Wireframes of the Historical Ad Data analyzer

01.

The Client

Catalist compiles, enhances, stores, and dynamically updates data and provides data-related services exclusively to progressive organizations to help them better identify, understand, and communicate with the people they need to persuade and mobilize. They work with organizations to tailor data subscriptions to their needs and budgets.

02.

Project Summary

Over the course of four months, we had to go from processing one or two million rows of data to 34 million rows of historical data going back to 2010. With each iteration our team improved the load times for data-filtering and generating custom reports. Over two project phases, we finalized the historical ad data analyzer, a web app that makes Catalist's raw data usable. Clients can compare political TV ad trends from the past decade, offering them the ability to compare data on both a macro and a micro scale.

Original ad data analyzer

03.

The Challenge

We had to build a historical version of the original ad data analyzer that allows customers to build on the same custom pivot table reports using historical data.

Quickly processing that amount of data was the biggest challenge. With the ad data analyzer MVP, there were between one and two million rows of data being analyzed. With the historical ad data analyzer that amount jumped to 34 million. It is basically an archive of Catalist's data going back more than a decade.

Understanding the development challenges of dealing with this amount of data, I needed to design a product that would help diminish that data concern and make the product usable for clients.

04.

The Research

User research was vital to understanding client needs. I conducted user interviews and user testing with actual clients to isolate the areas we needed to change or improve from the ad data analyzer for the historical ad data analyzer.

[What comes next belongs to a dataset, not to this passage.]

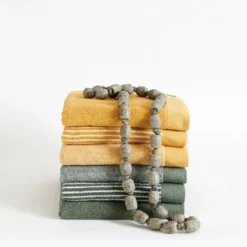 HOME PETIT LIGNE Badgoed | Honey Gold -Vandyck Winkel Stapel Home Uni Petite Ligne Mouline 113 Olive 154 Honey gold 5d98c978 f178 42d6 ae6a dc82741ca9f1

I heard that clients might occasionally look at one year's data in isolation, but often they needed to compare data between two election cycles. I also learned that users were interested in adding an additional filter beyond the four that were available. Clients talked about adding that additional filter at the end of the process, giving them one additional step at the end.

05.

The Solutions

To help solve the big data challenge, I worked with our developers to design a few solutions that would not only improve the user experience but also cut down on the amount of data that needed to be processed. That helped to improve the load speed, but when load speed may still bel long, warn warn users so that the experience met their expectations.

Full Year Data Only

When I dug deeper into how clients were comparing historical data, I learned that they needed to compare data from a full election cycle rather than specific dates. That allowed us to aggregate data for an entire year rather than needing to keep individual records for each day, greatly limiting the amount of data that needs to be processed.

Election Year Selection

A gif showing how to compare dates in the historical ad data analyzer

Overall Filter

I also turned the clients' recommendation for a fifth filter on its head. Instead of adding one additional filter at the end of the process, I added a required overall filter, essentially a filter of the filters, at the start of the process.

No only did this provide users with the extra filter they requested, adding the overall filter to the start of the process immediately helped cut down on the amount of data that would need to be processed. Once you selected the overall filter, filter options in the four original filters would be limited to data.

The filtering of filters reduces some cognitive load. It only exposes relevant options, which in some cases dramatically reduces the number of items a user needs to select from.

Primary report filter

A gif showing how to use the overall filter in the historical ad data analyzer

Warning Message

We didn’t want to restrict the reports that users could create due to their large size. But, in many cases, users were unaware of how large the report would be that they were building.

To notify users of both the size of their report and the potential impact that could have on the load times, I added a warning message near the generate report button that would warn a user in real-time when their report was getting large.

Warning message

07.

The Results

We finalized the historical ad data analyzer that allowed more advanced visualization approaches driven by a larger dataset of historical ad data. We improved the load times for data-filtering and generating custom reports, which can compare political ad trends from the past decade.